While advanced functionality of mobile devices increases with the rapid development of mobile devices, the capacity of batteries of mobile devices remains limited. For this reason, most mobile device manufacturers put more effort into increasing the use time of mobile devices rather than increasing battery capacity. In other words, most mobile device manufacturers focus more on improving battery use efficiency than increasing battery capacity.
Mobile devices typically include a low-dropout (LDO) regulator that is provided with an operating voltage from a power management IC included in the mobile device. The LDO regulator converts the operating voltage into an output voltage that is provided to a semiconductor chip of the mobile device.
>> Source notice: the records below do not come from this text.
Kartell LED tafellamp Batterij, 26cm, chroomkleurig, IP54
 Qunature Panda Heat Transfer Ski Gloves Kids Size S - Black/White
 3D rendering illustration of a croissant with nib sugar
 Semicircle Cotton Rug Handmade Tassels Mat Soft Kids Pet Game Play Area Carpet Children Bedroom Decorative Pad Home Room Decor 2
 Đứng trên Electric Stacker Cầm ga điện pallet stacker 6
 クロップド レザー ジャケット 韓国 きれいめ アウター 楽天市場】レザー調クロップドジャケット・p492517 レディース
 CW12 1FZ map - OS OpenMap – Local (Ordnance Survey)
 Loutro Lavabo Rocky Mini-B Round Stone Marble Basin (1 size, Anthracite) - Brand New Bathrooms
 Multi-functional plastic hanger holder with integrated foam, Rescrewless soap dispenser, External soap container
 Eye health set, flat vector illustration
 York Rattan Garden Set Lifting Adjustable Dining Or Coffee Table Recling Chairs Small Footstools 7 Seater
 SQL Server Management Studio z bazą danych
The LDO regulator needs to obtain a sufficient dropout voltage, i.e., a difference between an input voltage and an output voltage of the LDO regulator, in order to correctly generate the output voltage that is provided to the semiconductor chip. The LDO regulator has a feedback loop that includes an error amplifier and a power transistor. The error amplifier measures the difference between a reference voltage and the output voltage and adjusts the gate voltage of the power transistor in order to regulate the dropout voltage of the LDO regulator.
If the dropout voltage is too small, the overall feedback loop gain of the LDO regulator decreases. As a result, a large error occurs in the output voltage of the LDO regulator. However, although a sufficient dropout voltage is needed to prevent errors in the output voltage of the LDO regulator, the power efficiency of the LDO regulator decreases as the dropout voltage increases.
In some cases, a single LDO regulator is required to provide a plurality of output voltages. If a plurality of error amplifiers are used to provide the LDO regulator with a plurality of output voltages, the size of the chip that incorporates the LDO regulator and driving current may increase with the increase in the number of error amplifiers, which are undesirable effects.